Cette certitude que c’est Dieu lui-même qui pousse son Église hors de ses limites est la source de notre confiance et de notre sérénité. Nous ne sommes pas des militants de nos propres idées, ni des représentants en valeurs spirituelles, nous sommes envoyés par l’Esprit pour devenir témoins de quelqu’un qui ne nous appartient pas.

3. Le ministère épiscopal.

L’évêque est envoyé à une Église particulière pour veiller à la manière dont elle participe à la mission universelle confiée par Jésus à ses disciples. Cher Père Colomb, en vous envoyant dans le diocèse de La Rochelle et Saintes, le Pape François vous confie la mission de fortifier le Peuple de Dieu vivant dans ce diocèse et de lui rappeler sans cesse que l’Église du Christ est vraiment fidèle à sa mission quand elle porte ses regards, son cœur et ses actions au-delà de ses limites visibles.

Vous êtes envoyé comme un signe sacramentel de la place de ce diocèse dans la communion universelle de l’Église et pour arracher chacune des communautés qui constituent le diocèse à la tentation de se croire l’Église à elle toute seule. Comme le prêtre qui préside la célébration eucharistique en étant le témoin d’un don qui vient d’en-haut, vous présiderez à la vie du diocèse, en étant le témoin de la mission confiée par Jésus à ses disciples. Par la célébration des sacrements avec vos prêtres et vos diacres, vous nourrirez toute la communauté de la Parole de Dieu et du Pain de Vie.

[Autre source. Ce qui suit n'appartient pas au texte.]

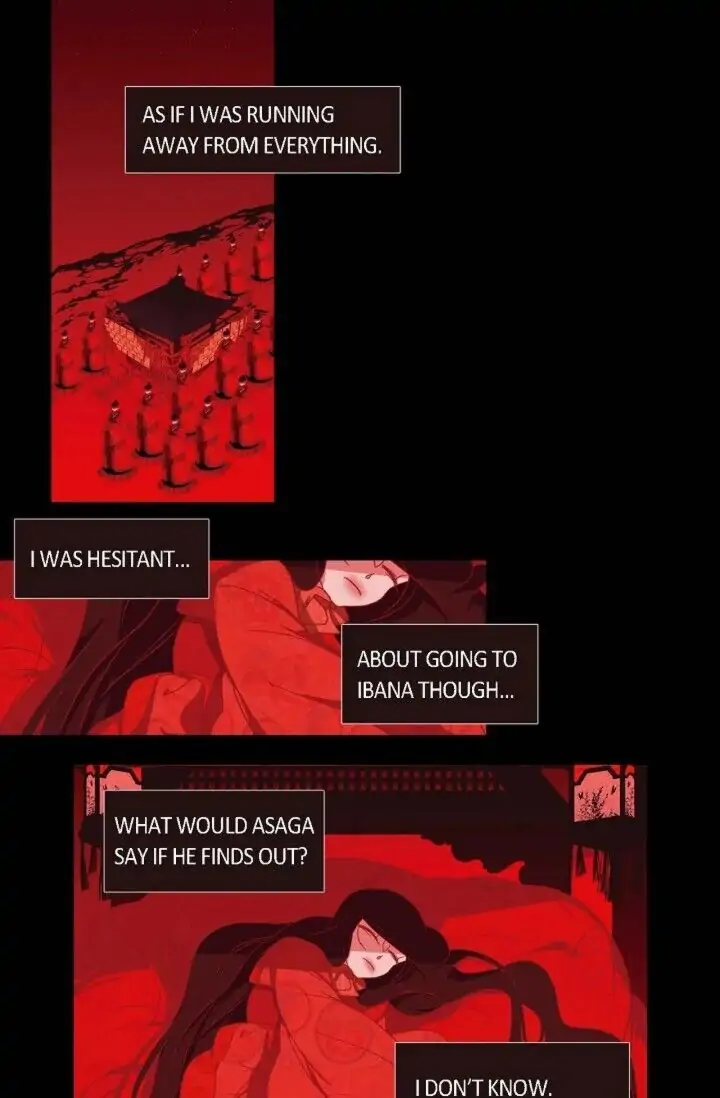 Red Fox Chapter 010 image 11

Dans l’exercice de votre responsabilité, vous vous appuierez sur la grâce de la communion pour relancer sans relâche le dynamisme missionnaire. Votre expérience dans la Société des Missions Étrangères de Paris vous a rendu familier de l’annonce de l’Évangile dans des cultures et des traditions différentes des nôtres. C’est dire que vous savez observer et respecter des cultures différentes et des histoires particulières et en apprécier les richesses. Dans votre responsabilité de Supérieur Général, vous avez acquis une expérience de l’autorité ecclésiale qui n’est jamais une domination mais toujours un service. Mais par-dessus tout, c’est votre expérience et votre conviction missionnaire qui nourriront votre action et à laquelle vous aurez le souci d’associer tous les membres de ce diocèse ouvert vers le grand large.

Par l’imposition de nos mains, vous allez entrer dans le collège apostolique et devenir garant de la communion ecclésiale dans ce diocèse de La Rochelle et Saintes. Que l’Esprit-Saint que vous allez recevoir en plénitude vous donne sa force et sa paix ; qu’il vous comble de la joie que nul ne peut nous ravir ! Que devienne une vérité perceptible les paroles que vous avez choisies pour marquer votre épiscopat : « Ma grâce te suffit ». Amen

+ André cardinal Vingt-Trois, archevêque de Paris.